Bra Burning (1968)

James A. Landau JJJRLandau at AOL.COM
Wed Mar 12 15:57:42 UTC 2003


In a message dated 3/12/2003 10:15:23 AM Eastern Standard Time,
laurence.horn at YALE.EDU writes:

> "Pared down" is certainly a value-neutral label for this particular
> truncation [from "Women's Liberation" to "Women's Lib"].  At the time it
> was widely recognized that the short form
> was a signal of dismissiveness, and that some male leftists (and some
> male non-leftists) who used it would not have been caught dead
> referring to the National Liberation Front in Vietnam or various
> black liberation movements then extant as "lib".

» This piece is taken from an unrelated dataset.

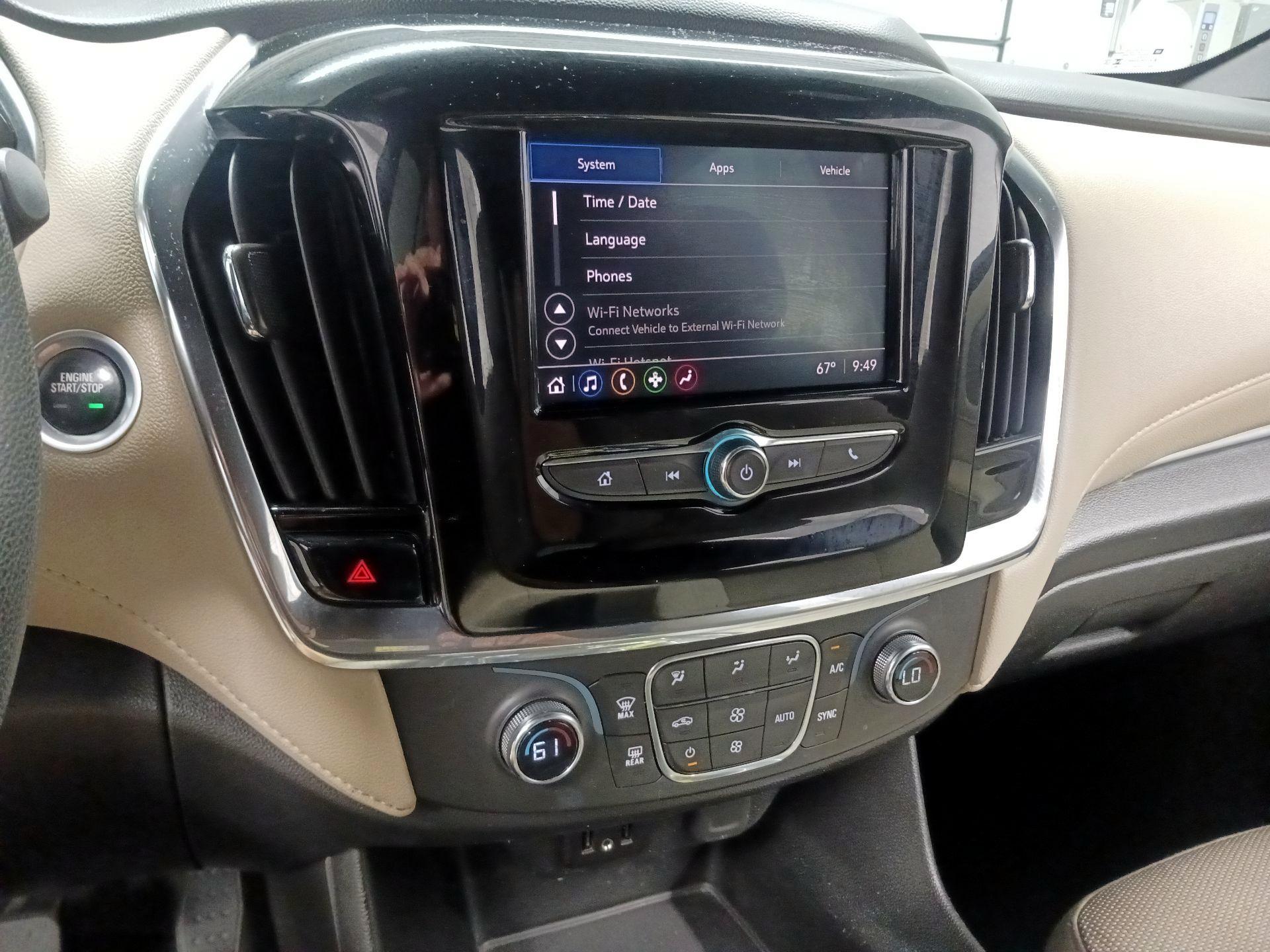 Thumbnail: 2023 Chevrolet Traverse - 14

Well, I posed a more-or-less value-neutral question, in that I specifically
asked "how long" rather than "how".

I was not trying to make any political statements, half-assed or otherwise.
Rather I was trying to comment on a pair of ironies.  The first one is minor:
the juxtaposition in time of the Prague Spring and the "unveiling" (hmm,
infelicitous word) of the Women's Liberation movement.  Quite a number of
major political events occurred in 1968, but without consulting references I
find that the Prague Spring and Women's Lib were the only two I can name that
were not violent.

The second irony is major: that it was the term "bra-burning" that got
established in popular usage.  As Barry Popik shows (thank you again, Barry),
very few brassieres were ever burned, and the intent of the original
demonstrators was not to single out brassieres but rather to specify a number
of items that were linked with an unacceptable status for women.  "False
eyelash burning" isn't as catchy but it would have been a much better
metaphor for what the activists were trying to do.  Unfortunately "bra
burning" is now as well-established in English as is "to welsh on a bet" or
"to gyp someone" or "Dutch treat".

If Larry Horn wants to say that "bra burning" is also a dismissive phrase, I
will not disagree.

Before I go, one last linguistic irony:  in the Supreme Court Case known as
"Roe vs. Wade", "Roe" was a pseudonym.